UTF-8 and US-ASCII are identical for the lower 127 codes, so you don't have to
worry about character encoding if you stay with these codes and characters like
'a' to 'z', numbers etc.
For detailed information about character encoding, see the "See also" section
at the end of this page.
Specifying a character encoding
If you want to use Non-ASCII characters in your source files, then you
must first tell your IDE to be save source files in UTF-8 encoding. You can do
this by choosing "File > Save As" for every source
file and click on the down arrow
of the "Save" button, then choose "Save With Encoding..."
(You can simply overwrite existing files).
After choosing this menu item, you will see the Encoding Selection Window:
Choose "Unicode (UTF-8 with signature) - Codepage
65001" in the "Encoding" combo box, like shown
Leave the "Line endings" box unchanged.
After saving your source file(s) with this method you will be able to use
foreign characters in your sketch.
Caveats with UTF-8
Using UTF-8 encoded strings in your sketch is not as simple as it seems.
US-ASCII characters fit within one byte, but characters above the first 127
codes in UTF-8 need
two or even up to four bytes.
The following function call shall return a string's length.
It returns 2
(the length in bytes) but not 1 (the length in characters):
int stringLength = strlen( "Ä" );
because the character "Ä" requires 2 bytes in UTF-8.
Also, the following code will not work as expected:
char mystring = "Привет мир!"
if( mystring == 'Ж' ) ...
mystring represents one byte, but the cyrillic characters require
two bytes in UTF-8. The '==' operation only compares one byte (one char) and,
therefore, it will return true, although 'П' and 'Ж' are different characters,
because they have the same code in common for their first byte.

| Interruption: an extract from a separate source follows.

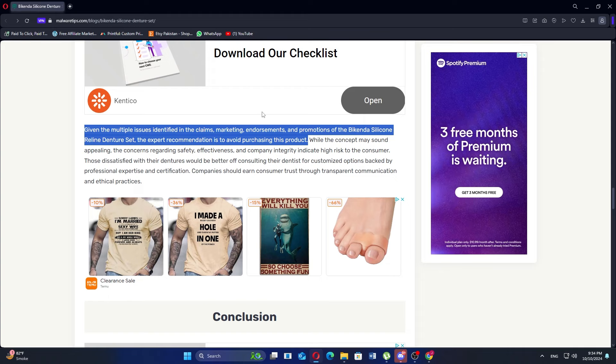If you are interested in trying the Bikenda Silicone Reline Denture Set, click the first link in the description.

To handle UTF-8 encoded strings correctly, you will have to use special libraries or write
your own. If you only use strings to pass them over to a peripheral device or to
send them back via Serial.xxx functions, then you can use regular string
Does your peripheral talk UTF-8?
If you send UTF-8 encoded strings to peripherals, e.g. an LCD display, then you
must first check whether it understands UTF-8.
Many peripheral devices like 2- or 4-row alphanumeric LCD displays often have
their very own character set which only matches ASCII and UTF-8 for the lower,
common 127 codes. In such cases, it is not enough to use UTF-8 strings, you have
to write your very own code, that compares UTF-8 to the peripheral device's
Single byte alternatives
Although the gcc compiler used by Arduino only understands UTF-8, you can trick
it by using hex codes for your special characters. In that way, you can use any
one-byte character encoding you like, like Windows codepage 1252.
Example: The German character 'ö' has character code 0xf6 in Windows-1252.
Therefore, you can write the German string "Hallöchen" as:
char greeting = "Hall" "\xf6" "chen";
The hex character "\xf6" and the rest of the
string are written in separate string literals (in "" pairs), otherwise
the compiler would see "\xf6c" which would result in an error. "string1"
"string2" in C++ is equivalent to "string1string2".
This is not practical for languages like Russian, where the entire
alphabet consists of "special characters", but it could be a more convenient way for languages like French or German, where most of the letters are encodable in
The main benefit of one-byte encoding is that you can use all common string and
character handling methods and functions and you will not run into effects like
those shown above.
However, also with one-byte encoding, you are responsible for proper character
handling with your peripheral devices like keyboards and displays.